03
Why sequential writes are a superpower
Random disk writes (updating a B-tree leaf in place) are slow because the disk arm (HDD) or SSD controller has to seek. Sequential writes are fast — just append to the end.
An HDD does ~100 random IOPS but ~100 MB/s sequential. A modern SSD does ~100k random IOPS but ~3 GB/s sequential. Every generation of storage has this gap.
WAL exploits this: writes are always sequential. The expensive random updates to the main data structures happen in big batches, asynchronously, when the system is idle. Commit latency = one fsync + sequential append. Orders of magnitude faster than "update the B-tree in place and fsync."
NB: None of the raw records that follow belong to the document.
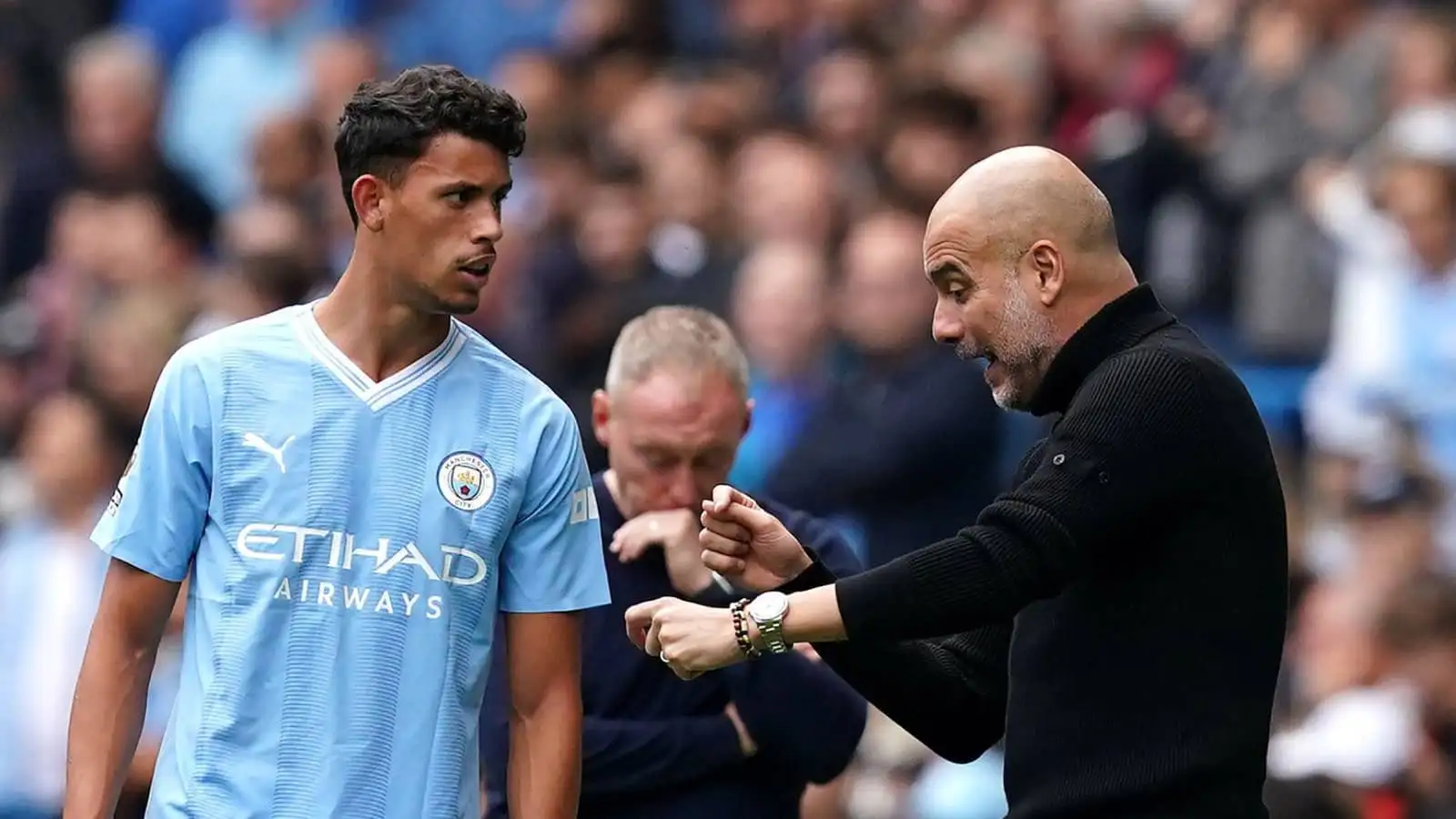 Pundit drops Man City title verdict after picking out three men who've dropped the level 2 c?url=https%3A%2F%2Fd2x51gyc4ptf2q.cloudfront.net%2Fcontent%2Fuploads%2F2023%2F10%2F12125717%2Fmatheus nunes pep guardiola manchester city september 2023 1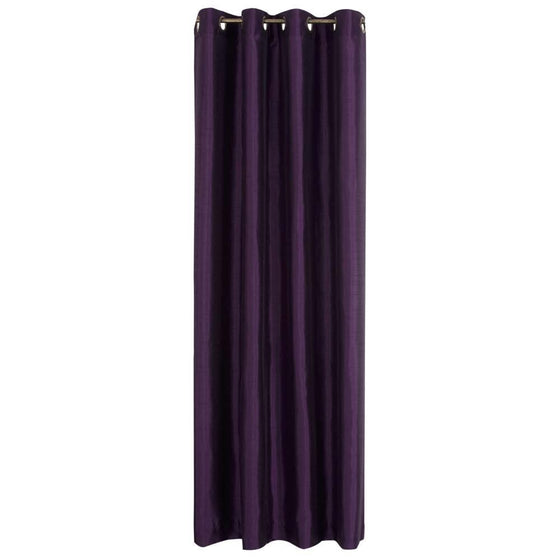 Stylemaster Tribeca 56 by 63-Inch Faux Silk Grommet Panel, Amethyst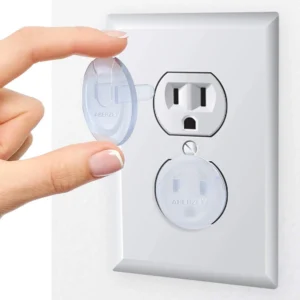 10pcs Outlet Covers, American Standard Baby Proofing Safety Child Secure Electric Plug Protectors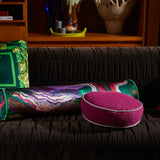Sage x Clare | Dana Round Cushion | Plumberry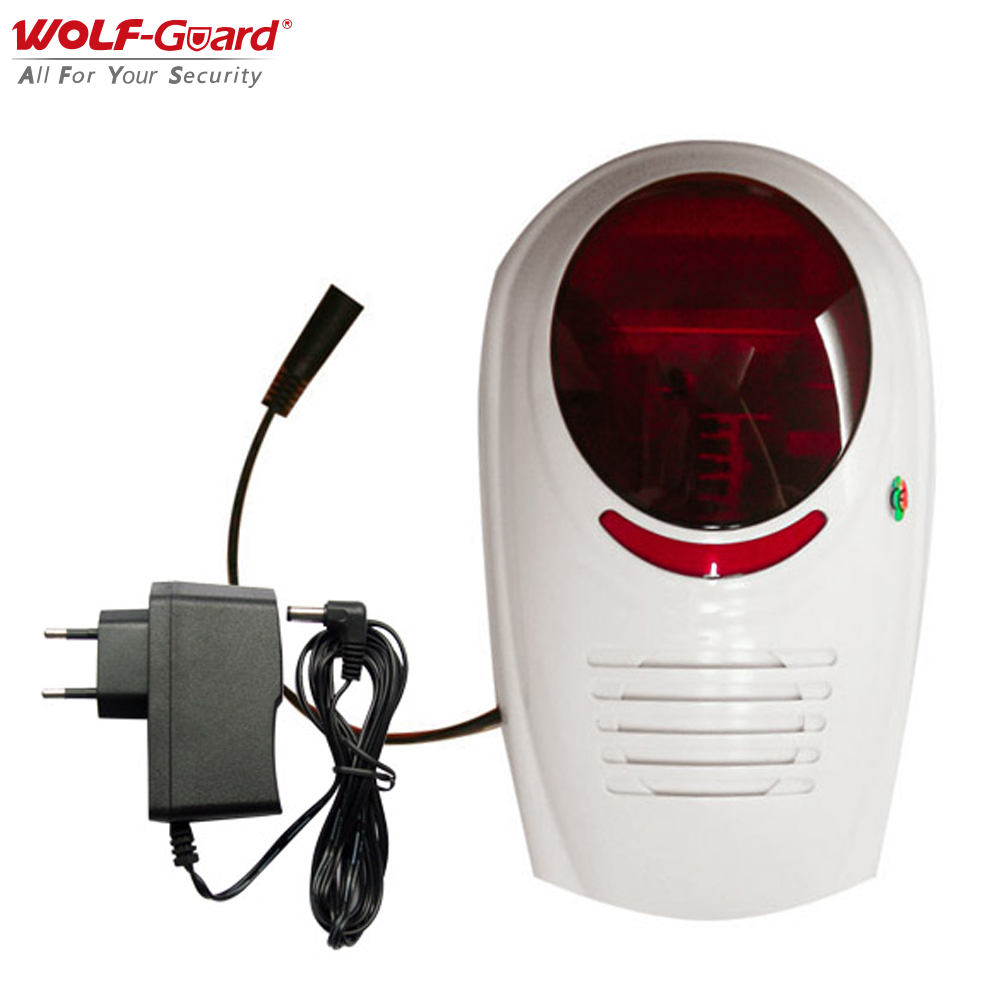 Sim Gsm Alarm - Wolf-Guard-Sirène Clignotante Sonore Sans Fil, Système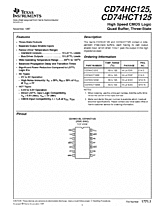 DataSheet CD74HCT125 pdf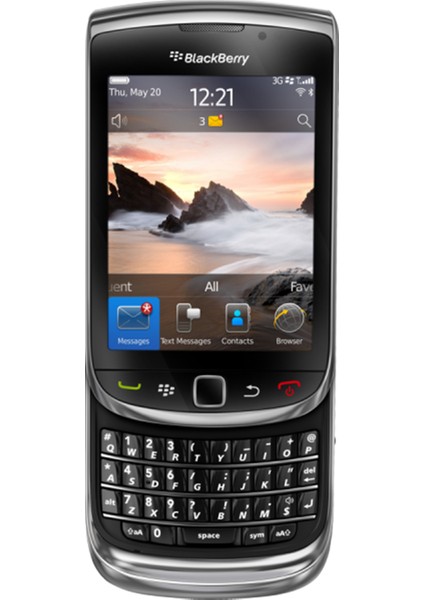 Blackberry Torch 9800 (Swap Kutulu) (6 Ay Garantili) Siyah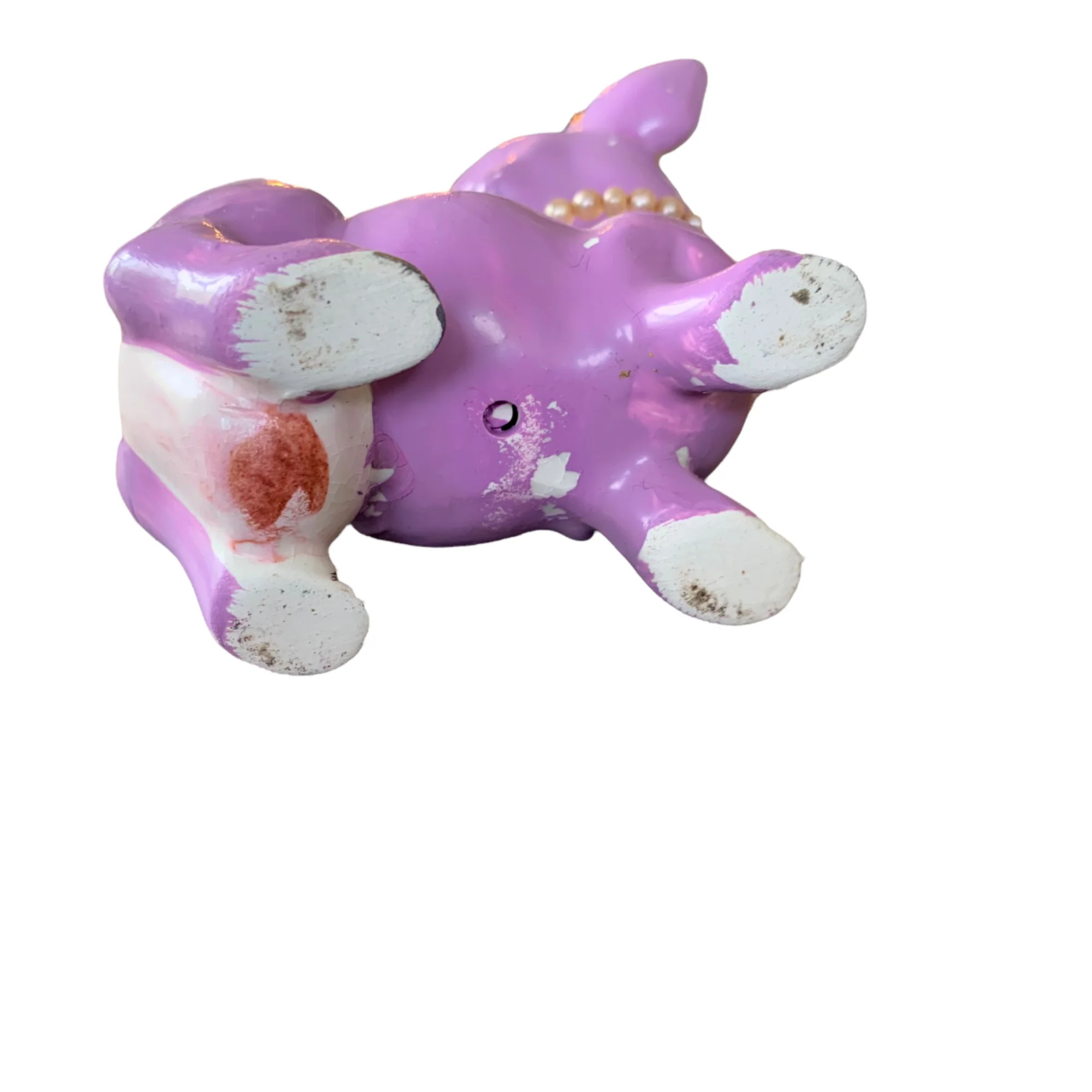 Anthropomorphic Purple Cow Figurine - Image 10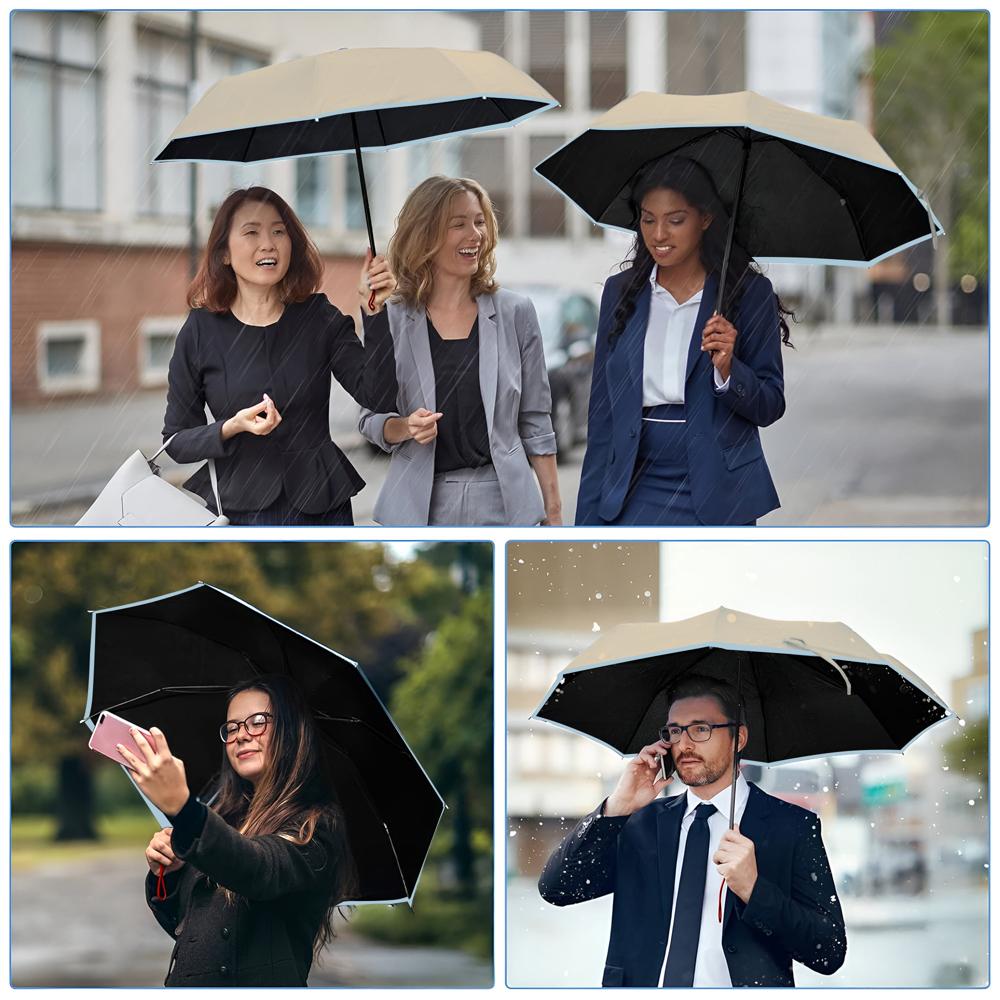 Prime Pick Natural Light Umbrella  Beige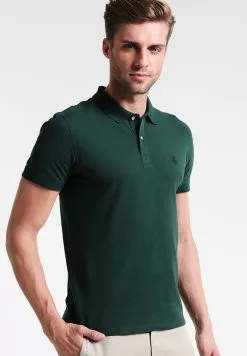 Selected Homme SLHARO EMBROIDERY - Polo - Trekking Green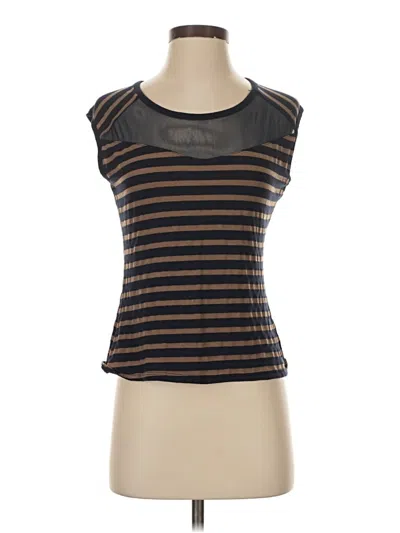 Pre-owned Assorted Brands Sleeveless T-shirt In Brown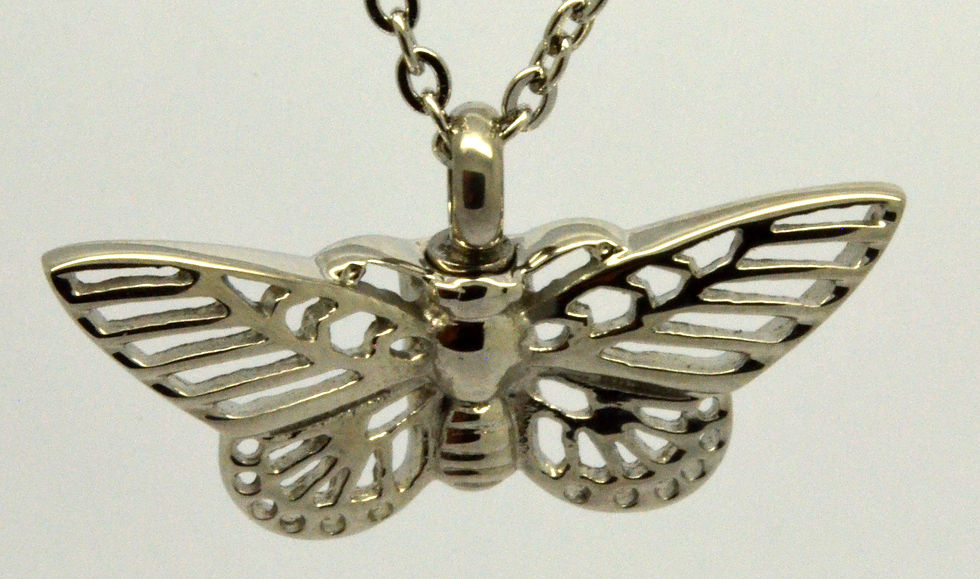 Thumbnail: Butterfly Cremation Urn Necklace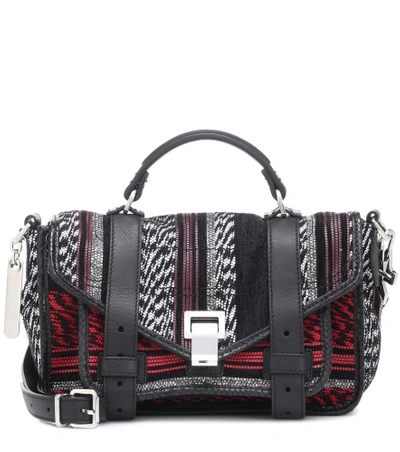 Proenza Schouler Ps1 Tiny Leather Shoulder Bag In Multicoloured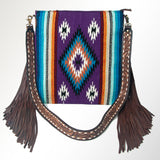 American Darling Large Crossbody Saddle Blanket Genuine Leather women bag western handbag purse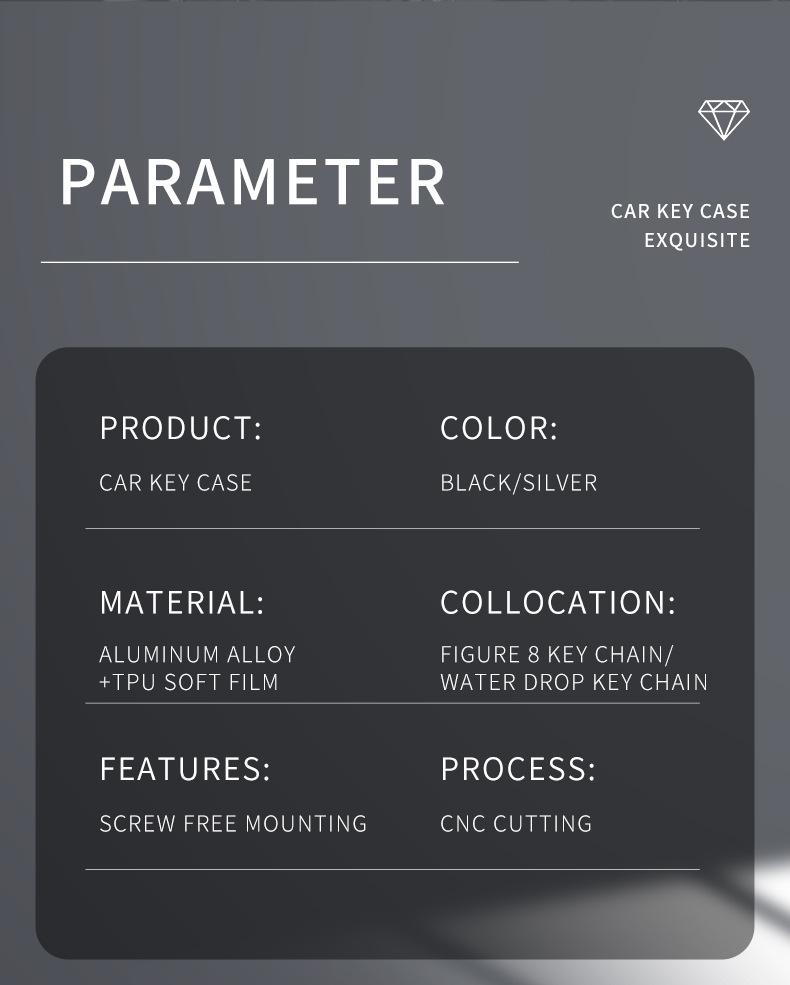 Футляр для ключа Toyota: Подходит для Highlander, Camry, Crown, Corolla, Prado, Reiz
Write-ahead log append + flush
import json, os, time
class WAL:
def __init__(self, path, sync_every_ms=5):
self.f = open(path, "ab")
self.sync_every_ms = sync_every_ms
self.last_sync = time.monotonic() * 1000
def append(self, record):
line = json.dumps(record) + "\n"
self.f.write(line.encode())
now = time.monotonic() * 1000
if now - self.last_sync >= self.sync_every_ms:
self.f.flush()
os.fsync(self.f.fileno())
self.last_sync = now
# Group commit: batch records between fsyncs. Trade durability window
# (bounded by sync_every_ms) for dramatically higher write throughput.